Here is a hard truth I have been confronting as a storyteller:
Most of us are taught to write screenplays like novels.
We describe feelings. We explain motivations. We structure scenes around dialogue.
But cinema doesn’t work that way.
It doesn’t photograph explanations.
It photographs behaviour. Photographs space. Photographs tension.
That is why psychological thriller storytelling demands a different mindset:
You have to think like a filmmaker. Not just a writer or a general storyteller.
For me, that shift started with a simple change:
Instead of asking “What is this scene about?”
I started asking:
- What does the frame look like?
- Who controls the space?
- What is hidden from the audience?
- What moves… and what stays still?
Because tension is visual before it is verbal.
Another realization:
You cannot film emotions. You can only film their effects.
A character being “conflicted” means nothing on screen.
But:
- A shaking hand
- A flickering light
- A warped reflection
- An environment that subtly breaks
Now that is cinematic. That is psychological storytelling.
I have started thinking of this as psychological physics:
If something is breaking inside the character… something should shift outside them too.

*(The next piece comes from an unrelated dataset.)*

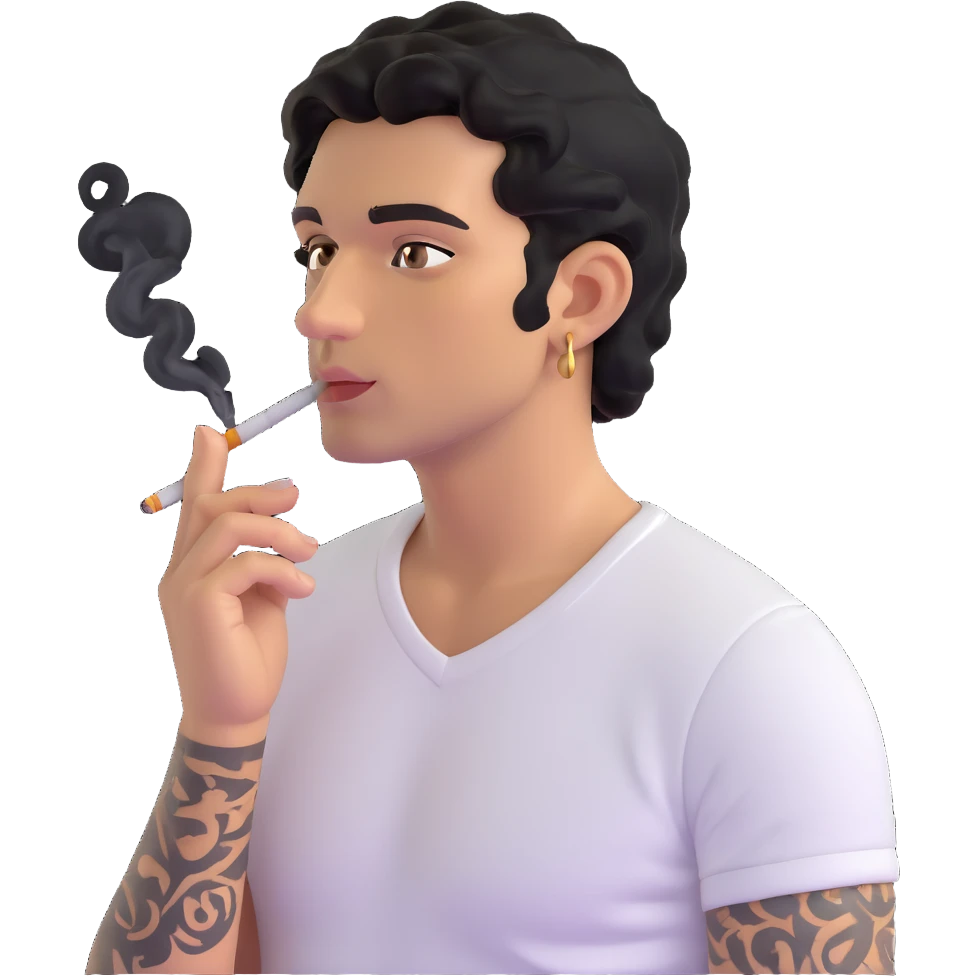 Italian man with tanned skin, curly black hair in short bob style, stubble, olive eyes, gold earring in left ear, white t-shirt, black tattoo on forearm, smoking cigarette emoji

Then comes blocking of course...
Where characters stand, sit or move should never be random.
- It is meaning.
- It is power.
- It is also tension.
If you write dialogue before staging…
You are writing literature, not cinema.
Same with dialogue itself.
In psychological thrillers, dialogue should work as a trigger.
A single line should:
- Activate trauma
- Shift direction
- Reveal something hidden
Anything more is excess.
And objects?
They are psychological anchors.
In Yohana’s World, a simple diary replaces pages of exposition.
That is cinematic thinking.
And yes, there are rules.
But rules exist to prevent bad writing… not bold storytelling.
If your story needs surrealism to express truth, use it.
Because psychological thrillers are about what is felt.
Yohana’s World is written from that mindset:
A psychological thriller designed as a film from the first page, with visual logic, spatial tension and internal conflict made visible.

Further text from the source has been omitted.